== Supplied data

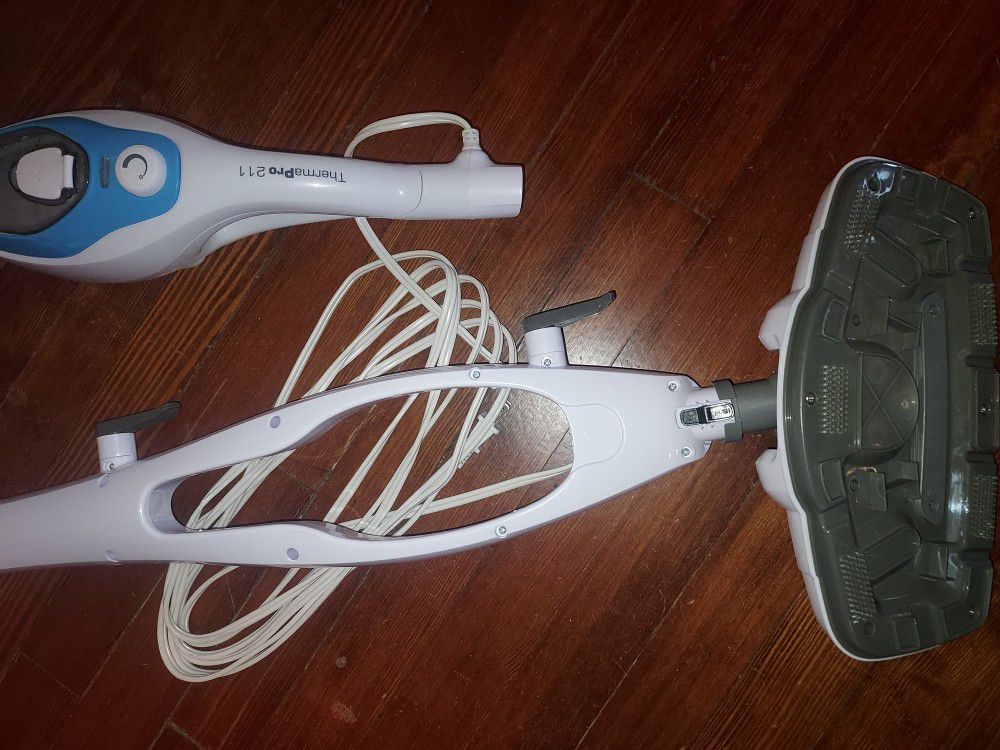 Steam Mop 3 In One By Sunbeam Like New Condition With Detachable Hand Steamer Plus Foldaway Handle For Easy Storage Pick Up In Forest Park, IL 60130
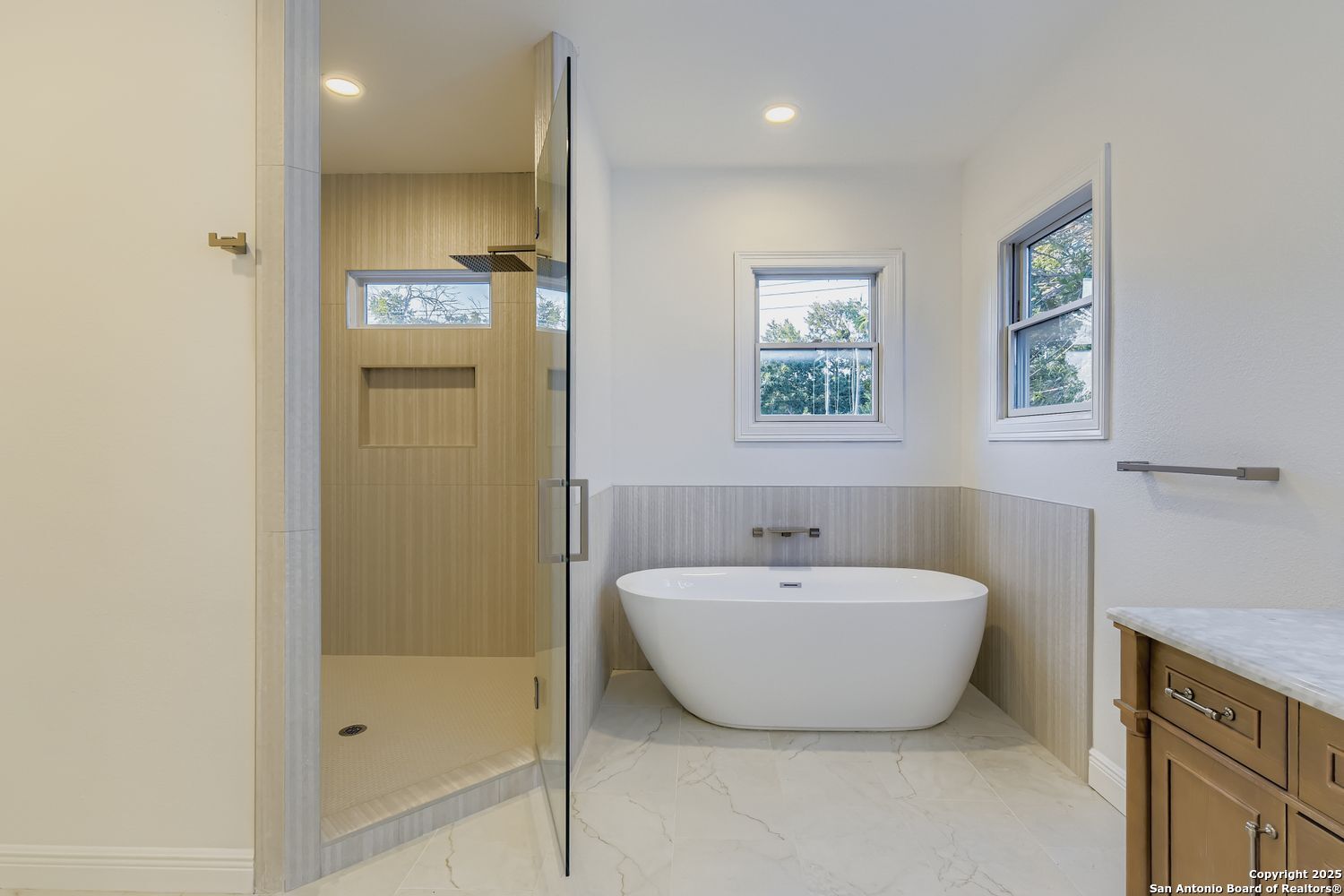 211 Elizabeth Road Terrell Hills, TX 78209 - Photo 20 of 29 a spacious bathroom with a bathtub and shower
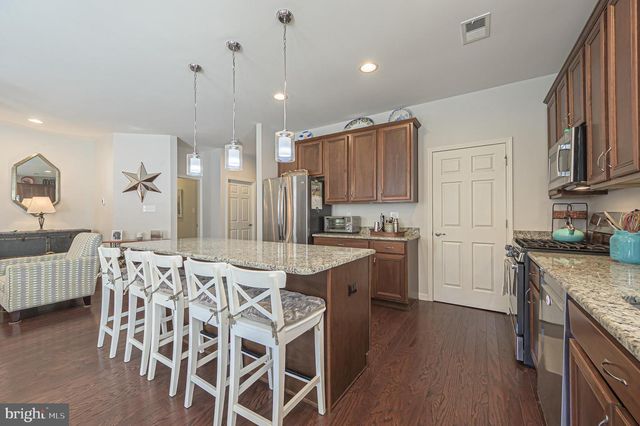 22 ERNST CT, Mays Landing, NJ 08330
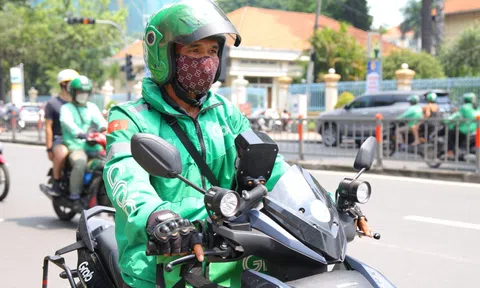 Grab đã ngừng áp dụng “phụ phí nắng nóng”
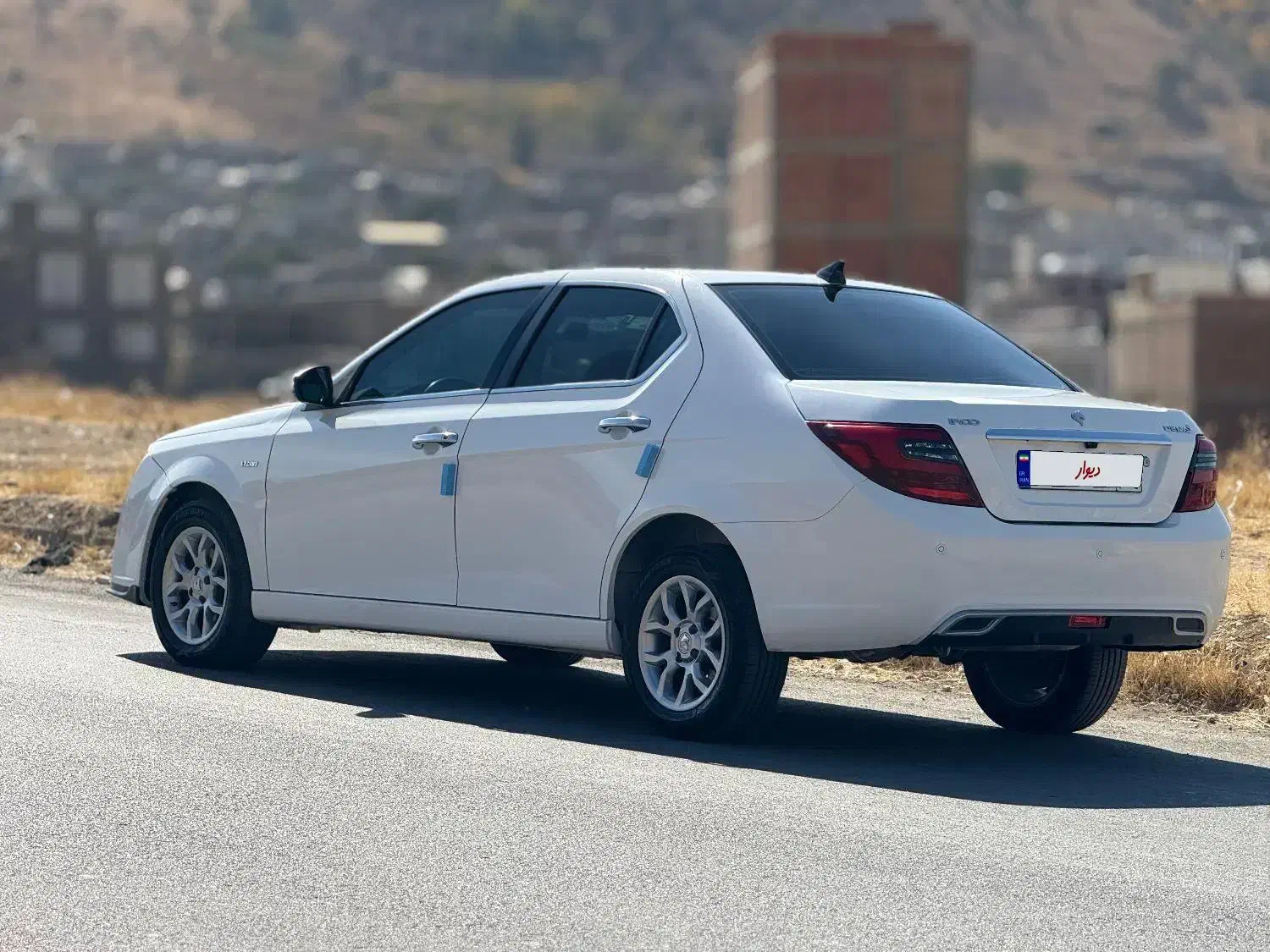 دنا پلاس ۵ دنده EF7 - 1397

====

» Instructions to follow: Once more, please print all the lines above exactly, without their pictures.

» Answer to this task:
 Steam Mop 3 In One By Sunbeam Like New Condition With Detachable Hand Steamer Plus Foldaway Handle For Easy Storage Pick Up In Forest Park, IL 60130
 211 Elizabeth Road Terrell Hills, TX 78209 - Photo 20 of 29 a spacious bathroom with a bathtub and shower
 22 ERNST CT, Mays Landing, NJ 08330
 Grab đã ngừng áp dụng “phụ phí nắng nóng”
 دنا پلاس ۵ دنده EF7 - 1397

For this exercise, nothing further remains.